Nel 1978 le psicologhe Pauline Clance e Suzanne Imes descrivono per la prima volta una condizione psicologica che chiamano “sindrome dell’impostore” e che trovano particolarmente diffusa fra le persone di successo.
Inizialmente la verificano prevalentemente nelle donne ma, successivamente, la sindrome viene descritta in individui di entrambi i sessi.
La sindrome dell’impostore è caratterizzata dall’incapacità di interiorizzare i propri successi e dal terrore persistente di essere percepiti come “impostori”.
Nonostante le oggettive competenze, le persone affette da questa sindrome rimangono convinte di non meritare il successo ottenuto.
Tipicamente lo riportano a fattori esterni come la fortuna, la situazione particolarmente favorevole o il risultato della sopravvalutazione degli altri. Questa sindrome, sebbene ormai riconosciuta dalla comunità scientifica, non è inserita nel DSM (manuale nosografico di psichiatria) e sembra essere legata a determinati tratti di personalità. Possiamo dire che la Sindrome dell’impostore è forse l’ altra faccia della medaglia dell’effetto Dunning-Kruger.
Diversi studi successivi a quello della Clance hanno evidenziato come questa sindrome sia più presente in individui con alto livello culturale ed elevata istruzione.
Le persone percepiscono un mix di senso di colpa per i traguardi raggiunti, la mancata introiezione del successo, la paura della valutazione dell’altro e sentimenti di indegnità e inefficienza professionale e formativa.
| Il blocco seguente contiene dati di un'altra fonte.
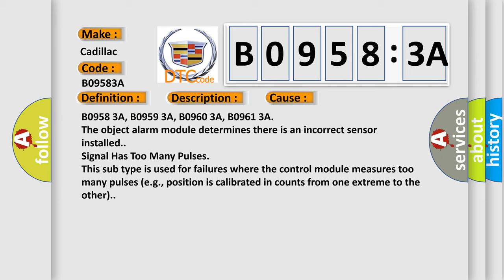B09583A, B09593A, B09603A, B09613A. The object alarm module determines there is an incorrect sensor installed. Signal has too many pulses. This subtype is used for failures where the control module measures too many pulses, e.g. position is calibrated in counts from one extreme to the other.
Avendo questa percezione di sè l’individuo agisce spesso dei comportamenti perfezionistici fino ad arrivare alla maniacalità nel tentativo di evitare assolutamente errori e, dunque, il giudizio dell’altro.
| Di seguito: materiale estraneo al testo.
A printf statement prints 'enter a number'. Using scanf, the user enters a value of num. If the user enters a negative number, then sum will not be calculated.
Questa iperattenzione produce uno stato di ansia di fondo che può portare anche a fenomeni di burn-out. Il tentativo di essere sempre più perfetti produce un innalzamento delle aspettative rispetto alle proprie prestazioni tale da impedire alla persona di sentirsi soddisfatta indipendentemente dalla qualità dei traguardi raggiunti.
Studi recenti mostrano come l’individuo affetto da tale sindrome percepisca l’apprezzamento altrui come falso, immeritato.
Sembra che l’eziologia si colleghi alla storia familiare degli individui che, spesso, sono i primi nella famiglia a raggiungere importanti traguardi professionali o di studio. Sembra anche che la mancanza, o l’inadeguatezza, di cure genitoriali e/o la presenza di un padre ipercontrollante abbiano un’influenza sullo sviluppo della sindrome.
E’ abbastanza chiaro, dunque, che chi soffre della sindrome dell’impostore porti con sè problemi di bassa autostima al punto, nei casi più gravi, di sviluppare un vero e proprio disturbo di personalità (disturbo di personalità evitante; disturbo di personalità dipendente).